The scaled-down Defense authorization bill that cleared the House and Senate on Wednesday failed to include a pair of controversial provisions, opposed by industry contractors, that would have significantly expanded the government's ability to insource private sector functions.
The measure no longer includes language proposed by Rep. John Sarbanes, D-Md., that would have reserved work identified as "closely associated with inherently governmental" to federal employees. Government workers already are required to perform work deemed inherently governmental.
Current law requires agencies to provide "special management attention to functions that are closely associated with inherently governmental functions." These are generally jobs, such as assisting in contract management or evaluating another contractor's performance, that are not statutorily prohibited from outsourcing but require strict oversight and management.

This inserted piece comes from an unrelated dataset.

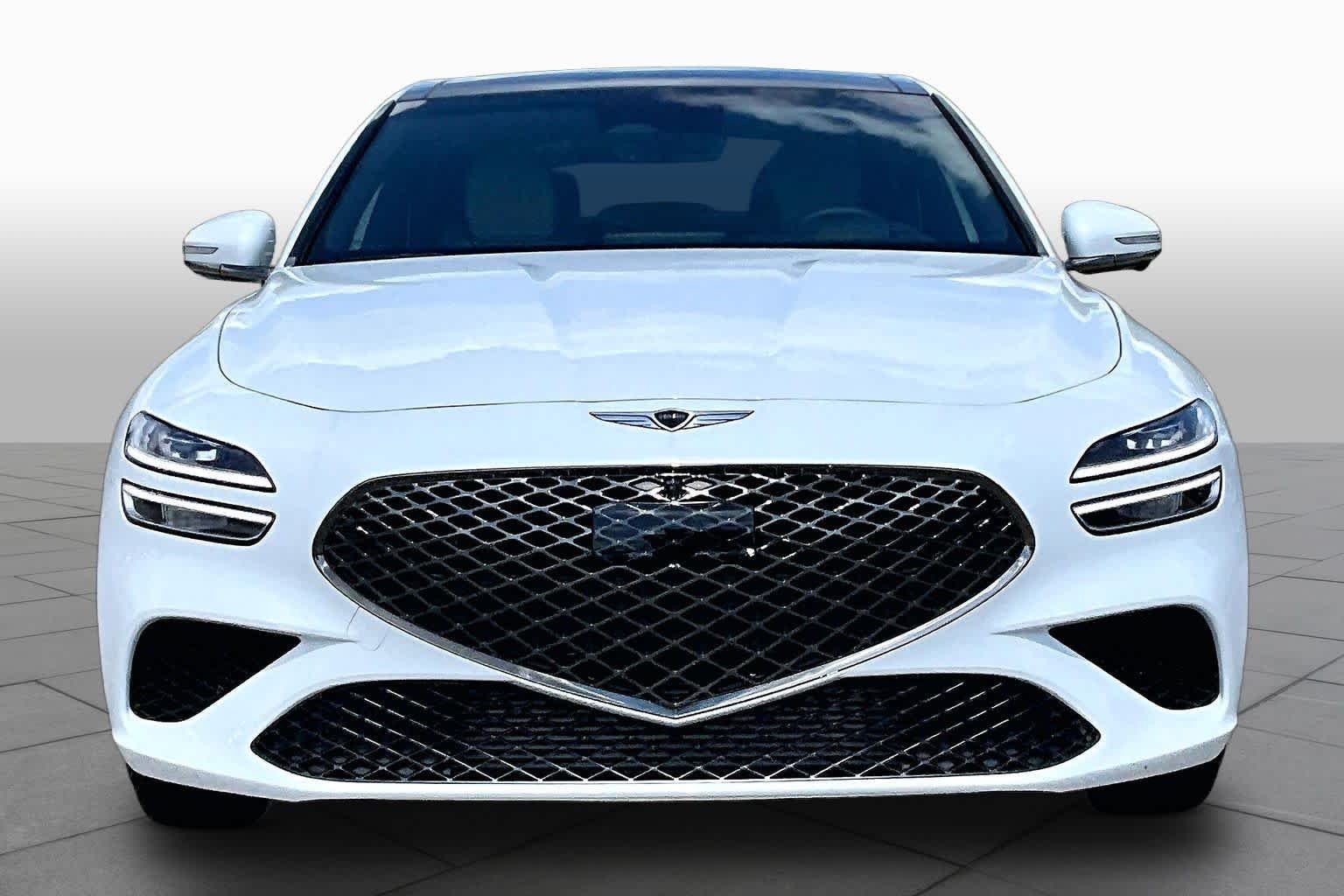 Used 2026 Alta White Genesis 3.3T Sport Prestige image 8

The Sarbanes amendment, however, would have required agencies to ensure that "contracts do not include to the maximum extent practicable functions that are closely associated with inherently governmental functions."
Lawmakers included similar insourcing language in the fiscal 2011 omnibus bill that Senate leaders pulled from the floor last week. Rather, lawmakers passed a continuing resolution, funding the government through March 4.
The now-defunct omnibus also included language requiring agencies, before announcing a public-private job competition, to submit a report to the Office of Management and Budget. The report would have detailed the actions taken to convert contractor jobs to federal employees for functions deemed inherently governmental, closely associated with governmental functions, or critical to an agency's mission.
Industry officials strongly opposed all insourcing provisions, arguing they would accelerate private sector job losses, reduce state and local tax revenues, and substantially increase costs to taxpayers.
"Private sector companies working on federal government solutions not only employ hundreds of thousands of constituents in every state, but also allow agencies to harness the latest innovations, tap vital market expertise, and provide government with the flexibility to rapidly address emerging mission requirements without assuming the long-term costs associated with hiring a permanent workforce," Stan Soloway, president of the Professional Services Council, wrote in a Dec. 9 letter to Senate lawmakers.
The scuttled changes also would have run counter to a March proposed policy letter from the Office of Federal Procurement Policy that stated not all work considered "closely associated with inherently governmental" must be performed by government employees.
Industry officials won other significant legislative victories.
The Defense authorization bill, for example, was stripped of an amendment that would have excluded health care and retirement costs from any insourcing cost comparisons when contractors contribute less than Pentagon employees for civilian employees' benefits.
That legislation also included language prohibiting the establishment of arbitrary insourcing goals or targets and requiring Defense and the Government Accountability Office to examine the governmentwide insourcing initiative.
Other acquisition-related provisions in the Defense bill that did survive focused on supply-chain security, cybersecurity, technical data rights, contractor business systems, broadening the industrial base and oversight of private security contractors.
Both the House and Senate versions include language requiring Defense to use a January Directive Type Memorandum -- essentially a Pentagon policy memo -- as its baseline for cost comparisons between the public and private sectors. Industry groups argue the memorandum unfairly excludes most post-retirement costs associated with the federal workforce.